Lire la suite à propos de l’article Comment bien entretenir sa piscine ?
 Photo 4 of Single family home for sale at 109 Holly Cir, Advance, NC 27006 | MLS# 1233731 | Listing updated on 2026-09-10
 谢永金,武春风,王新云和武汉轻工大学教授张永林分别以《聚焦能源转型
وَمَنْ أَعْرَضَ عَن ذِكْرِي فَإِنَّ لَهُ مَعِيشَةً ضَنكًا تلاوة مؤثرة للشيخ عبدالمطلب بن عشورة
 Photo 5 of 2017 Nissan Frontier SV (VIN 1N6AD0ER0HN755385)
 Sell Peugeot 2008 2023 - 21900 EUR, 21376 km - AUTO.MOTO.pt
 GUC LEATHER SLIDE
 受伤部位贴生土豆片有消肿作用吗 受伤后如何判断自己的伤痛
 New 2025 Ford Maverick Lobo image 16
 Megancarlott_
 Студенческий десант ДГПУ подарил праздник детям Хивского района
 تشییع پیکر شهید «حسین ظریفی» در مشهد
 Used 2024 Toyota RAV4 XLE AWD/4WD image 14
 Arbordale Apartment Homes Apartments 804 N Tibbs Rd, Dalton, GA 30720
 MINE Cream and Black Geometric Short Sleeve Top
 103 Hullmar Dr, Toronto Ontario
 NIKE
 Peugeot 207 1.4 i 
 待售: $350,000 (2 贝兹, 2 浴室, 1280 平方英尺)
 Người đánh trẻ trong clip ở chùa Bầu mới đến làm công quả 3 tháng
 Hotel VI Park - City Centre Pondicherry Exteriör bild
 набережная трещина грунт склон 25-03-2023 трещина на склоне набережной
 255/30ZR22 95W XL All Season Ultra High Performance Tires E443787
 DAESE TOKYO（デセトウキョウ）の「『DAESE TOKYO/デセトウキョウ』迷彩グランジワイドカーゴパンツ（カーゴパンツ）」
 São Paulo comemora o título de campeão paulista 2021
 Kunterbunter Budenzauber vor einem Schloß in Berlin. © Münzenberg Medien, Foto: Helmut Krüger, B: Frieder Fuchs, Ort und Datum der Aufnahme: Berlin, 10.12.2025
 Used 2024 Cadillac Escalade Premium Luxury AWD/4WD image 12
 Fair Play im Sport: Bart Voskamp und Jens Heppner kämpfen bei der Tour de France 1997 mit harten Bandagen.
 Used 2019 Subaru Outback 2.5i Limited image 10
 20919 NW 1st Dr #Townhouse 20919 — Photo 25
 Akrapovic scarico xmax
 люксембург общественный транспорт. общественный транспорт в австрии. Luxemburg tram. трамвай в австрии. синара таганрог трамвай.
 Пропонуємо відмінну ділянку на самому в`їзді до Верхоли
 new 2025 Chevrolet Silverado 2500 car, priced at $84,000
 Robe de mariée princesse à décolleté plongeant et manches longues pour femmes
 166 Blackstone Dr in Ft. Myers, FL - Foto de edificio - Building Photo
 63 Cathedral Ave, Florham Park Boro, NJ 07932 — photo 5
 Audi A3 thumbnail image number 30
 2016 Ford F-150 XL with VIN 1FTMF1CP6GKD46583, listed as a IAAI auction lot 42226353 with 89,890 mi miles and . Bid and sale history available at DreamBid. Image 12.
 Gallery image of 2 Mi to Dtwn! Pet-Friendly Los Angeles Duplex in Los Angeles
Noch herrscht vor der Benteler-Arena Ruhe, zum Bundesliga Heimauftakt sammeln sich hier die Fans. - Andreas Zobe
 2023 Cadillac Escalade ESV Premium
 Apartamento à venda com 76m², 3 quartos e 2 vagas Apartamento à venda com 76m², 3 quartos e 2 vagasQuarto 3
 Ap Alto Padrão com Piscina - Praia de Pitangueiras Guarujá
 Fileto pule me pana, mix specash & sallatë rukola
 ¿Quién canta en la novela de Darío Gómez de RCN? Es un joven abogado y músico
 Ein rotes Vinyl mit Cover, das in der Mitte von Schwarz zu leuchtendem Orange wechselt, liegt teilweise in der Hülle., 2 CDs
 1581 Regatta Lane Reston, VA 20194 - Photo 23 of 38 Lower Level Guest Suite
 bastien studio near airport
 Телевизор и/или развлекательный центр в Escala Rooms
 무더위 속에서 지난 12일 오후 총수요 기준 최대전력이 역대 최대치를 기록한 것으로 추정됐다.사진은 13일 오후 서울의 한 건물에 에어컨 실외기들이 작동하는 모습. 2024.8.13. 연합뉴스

ASSIGNMENT:
Your task is to return each line of the data above that contains the string "Foto".

RESULT BELOW:
 Kunterbunter Budenzauber vor einem Schloß in Berlin. © Münzenberg Medien, Foto: Helmut Krüger, B: Frieder Fuchs, Ort und Datum der Aufnahme: Berlin, 10.12.2025
 166 Blackstone Dr in Ft. Myers, FL - Foto de edificio - Building Photo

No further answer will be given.